I'm having a hard time matching documents with a phone number, and I'm not sure what's going on.

Some of my data has phone numbers separated with spaces:

"phone": "+1 415 931 1182",

Others have them with nothing but the numbers:

"phone": "4159311182",

This field is put into _all, which has the default filters and analyzers. When I search for the former, I get no results, but searches for the latter match just fine. This is the query I'm using:

"query": {
    "sort": [
        {
            "_score": "desc"
        }
    ], 
    "from": 0, 
    "fields": [
        "_source"
    ], 
    "explain": true, 
    "query": {
        "dis_max": {
            "queries": [
                {
                    "term": {
                        "_all": "415 931 1182"
                    }
                }
            ]
        }
    }, 
    "size": 25
},

It returns zero matches. I suspect that the tokens for the numbers are getting filtered out, but I see nothing in the docs to indicate that this would take place. I haven't been able to figure out how to see what tokens are actually generated for a document, so I have no way to confirm this hypothesis.

If anyone has any guidance, it would be very much appreciated.

Clinton_Gormley · July 15, 2011, 6:20pm

Hi Ian

Some of my data has phone numbers separated with spaces:

"phone": "+1 415 931 1182",

Others have them with nothing but the numbers:

"phone": "4159311182",

You don't mention what mapping the 'phone' field has. If you're relying
on the defaults, then it will depend on which version was mapped first,
If the first, then it will be string. If the second, it will be integer
(which is, by default) not analyzed.

Analysis would also remove the '+'

This field is put into _all, which has the default filters and
analyzers.

...which is analyzed by default

When I search for the former, I get no results, but searches for the
latter match just fine. This is the query I'm using:

"query": {
    "sort": [
        {
            "_score": "desc"
        }
    ], 
    "from": 0, 
    "fields": [
        "_source"
    ], 
    "explain": true, 
    "query": {
        "dis_max": {
            "queries": [
                {
                    "term": {
                        "_all": "415 931 1182"
                    }
                }
            ]
        }
    }, 
    "size": 25
},

Note: no point in using a dis_max query with only one query - doesn't
make sense.

It returns zero matches.
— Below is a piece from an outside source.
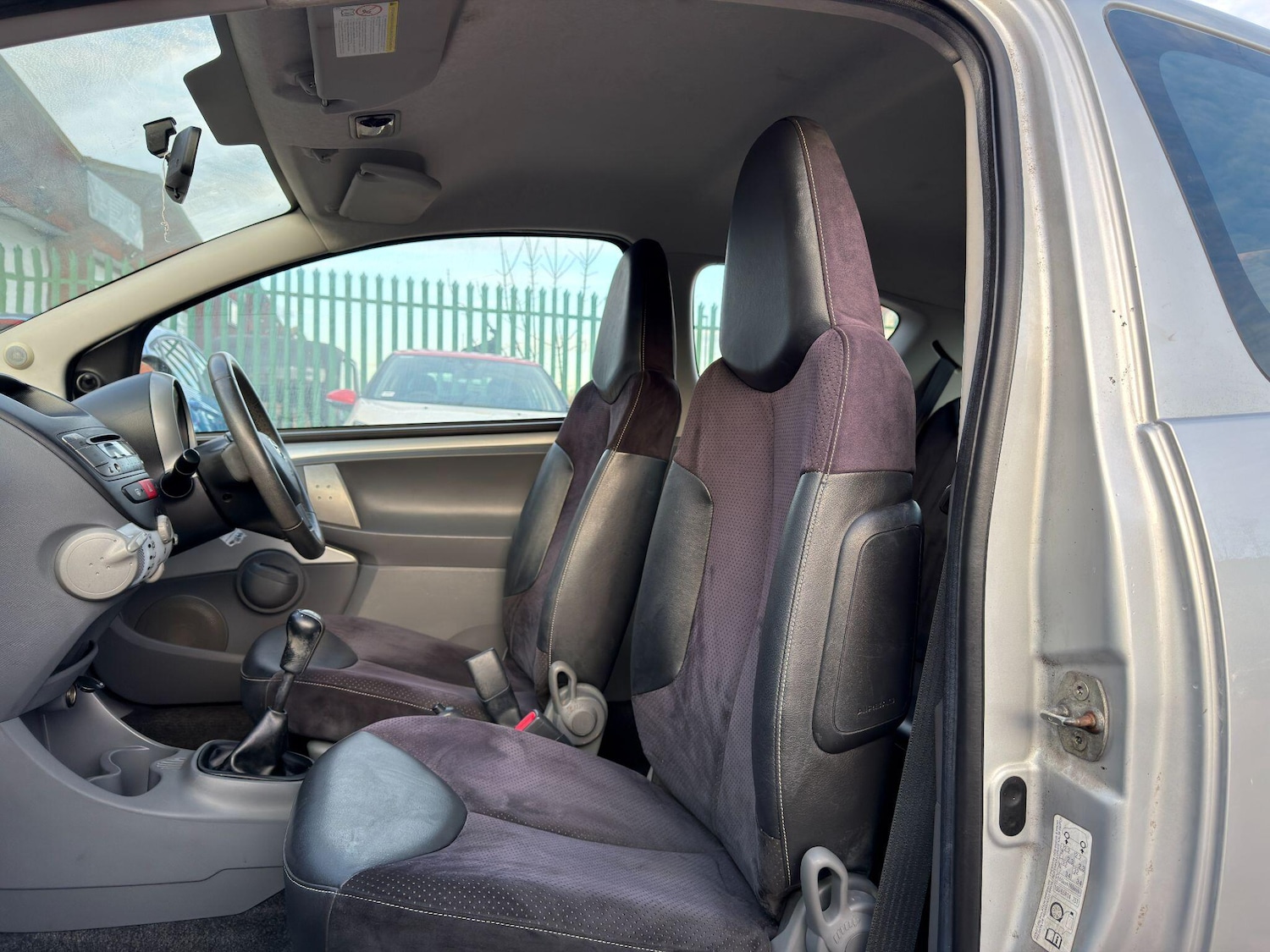 Used Toyota AYGO for sale - 78033948: Photo 17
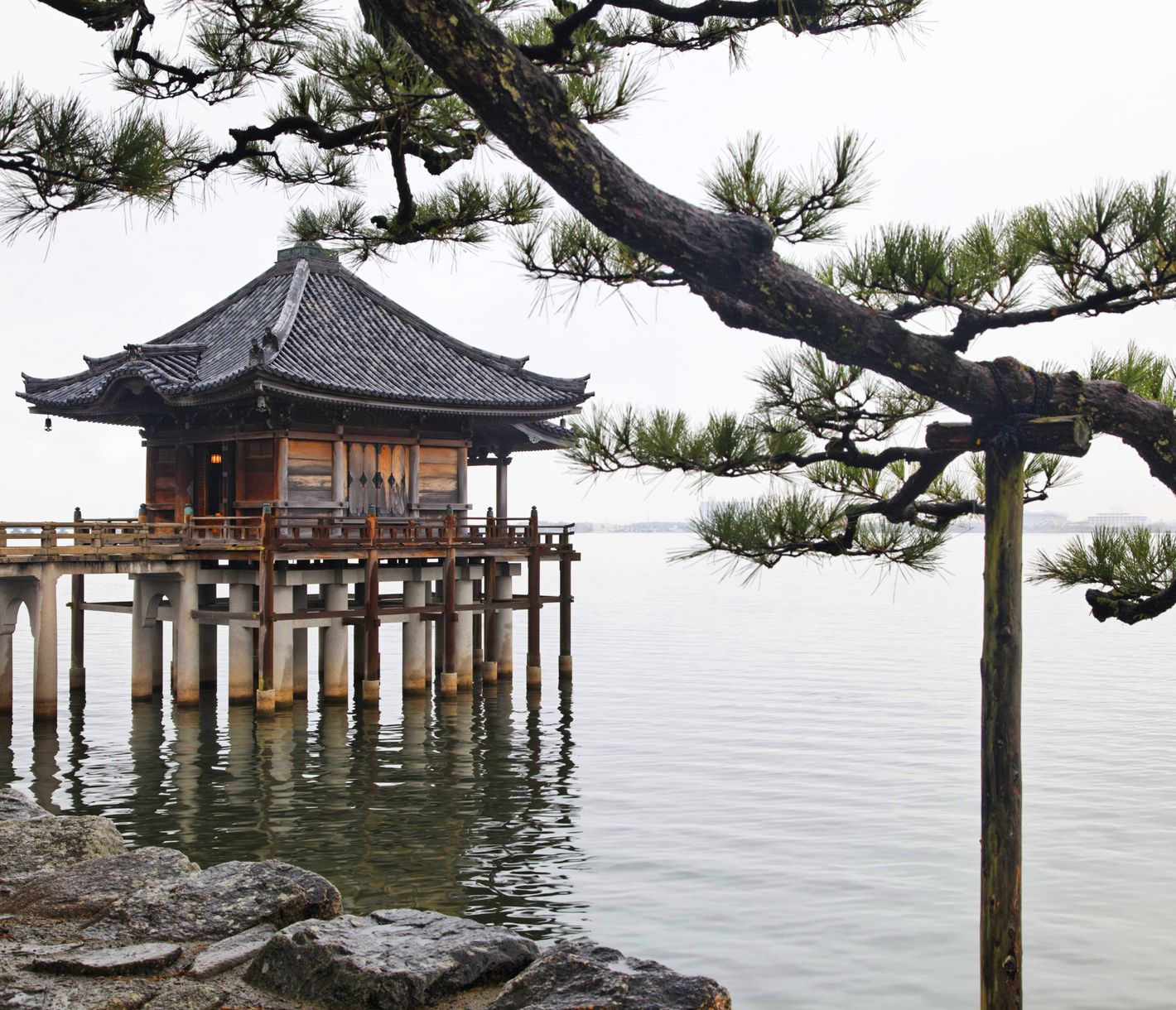 Schwimmender Tempel Ukimidoi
I suspect that the tokens for the numbers are
getting filtered out, but I see nothing in the docs to indicate that
this would take place.

Mapping required before we can make any comment

I haven't been able to figure out how to see what tokens are actually
generated for a document, so I have no way to confirm this hypothesis.

If anyone has any guidance, it would be very much appreciated.

First, you need to decide how you want phone numbers to be searchable.
If a user enters "+1 415 931 1182" but you want to be able to find
"4159311182" then you're going to need to apply some rules to normalise
your phone numbers

clint

Ian_Eure · July 15, 2011, 6:34pm

On Jul 15, 2011, at 11:20 AM, Clinton Gormley wrote:

Hi Ian

Some of my data has phone numbers separated with spaces:

"phone": "+1 415 931 1182",

Others have them with nothing but the numbers:

"phone": "4159311182",

You don't mention what mapping the 'phone' field has. If you're relying
on the defaults, then it will depend on which version was mapped first,
If the first, then it will be string. If the second, it will be integer
(which is, by default) not analyzed.

u'phone': {u'type': u'string'},

Analysis would also remove the '+'

That's fine.

When I search for the former, I get no results, but searches for the
latter match just fine. This is the query I'm using:

"query": {
"sort": [
{
"_score": "desc"
}
],
"from": 0,
"fields": [
"_source"
],
"explain": true,
"query": {
"dis_max": {
"queries": [
{
"term": {
"_all": "415 931 1182"
}
}
]
}
},
"size": 25
},

Note: no point in using a dis_max query with only one query - doesn't
make sense.

Hm, okay. I'm porting stuff from Solr, and it definitely made a difference there — I guess ES doesn't break down the query into words to build the DisMax query like Solr does.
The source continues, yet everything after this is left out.